Current Studies

  • Principal Investigators: Lauren Alloy & Robin Nusslock; Co-Investigators: Lauren Ellman, Gregory Miller & Thomas Olino

    Grant: NIMH R01MH123473

    Adolescence is an “age of risk” for the emergence of 1st onset of major depressive disorder (MD). Despite its prevalence and public health significance, major unanswered questions exist regarding the mechanisms involved in vulnerability to MD. Depression (Dep) is associated with a reduced sensitivity to rewards and low reward-related brain function in cortico-striatal circuitry. However, research has not yet tested whether chronically low reward responsivity (RR) or attenuated RR development during adolescence predicts 1st onset of MD. A separate literature documents elevated peripheral inflammation in Dep. Yet, research also has not examined whether chronically elevated inflammation or increases in inflammation during adolescence predicts 1st onset of MD. Further, research on inflammation and RR mostly has proceeded in parallel.

    Recently, however, we and others have proposed neuroimmune network models of Dep. These models draw on work indicating that peripheral inflammatory mediators (e.g., cytokines) access the brain, where they lower RR. When dysregulated, this immune-to-brain signaling can lead to chronic and worsening low RR, which is reflected in dysphoria and anhedonia. This low RR is proposed to initiate unhealthy behaviors (substance use, poor diet), as well as sleep disruption and stress generation, which further heighten inflammation. Over time, dysregulation in RR and immune signaling may synergize in a positive feedback loop, whereby dysregulation in each system exacerbates dysregulation in the other.

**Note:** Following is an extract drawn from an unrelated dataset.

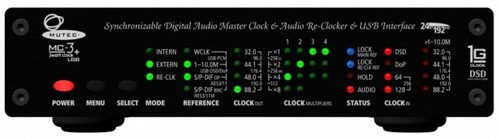Mutec usb smart clock - mc-3+,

    We propose that reward-immune dysregulation is a two-hit vulnerability for the 1st onset of MD and increases in Dep symptoms (Sxs) during adolescence. Moreover, childhood and adolescentadversity and recent stressors influence both RR and inflammation, and may set the foundation for reward-immune dysregulation. This proposal is the first systematic test of these hypotheses. We will use an innovative biobehavioral high-risk design to examine bidirectional relationships between peripheral inflammation and multiple indices and domains (monetary, social) of RR and their joint prediction of 1st onset of MD and increases in Dep Sxs, particularly anhedonia. Three hundred 14-15 year old participants (Ps) will complete a prospective 3-year longitudinal study. Ps with no prior MD will be selected along the entire dimension of self-reported RR, with oversampling at the low tail of the dimension in order to increase the likelihood of MD onsets. At Time 1 (T1), T3, and T5, each a year apart, Ps will complete blood draws to quantify inflammation, self-report and behavioral measures of RR, and fMRI scans of reward neural activity and functional connectivity. At T1-T5 (with T2 and T4 6 mo. between the yearly sessions), Ps also will complete diagnostic interviews, and measures of Dep Sxs, reward-relevant life events, and behaviors that increase inflammation. Adversity history will be assessed at T1 only. This proposal is an innovative integration of research on reward and inflammatory signaling in understanding 1st onset of MD in adolescence. It has the potential to facilitate novel neuroimmune and behavioral interventions to treat, and ideally prevent, MD.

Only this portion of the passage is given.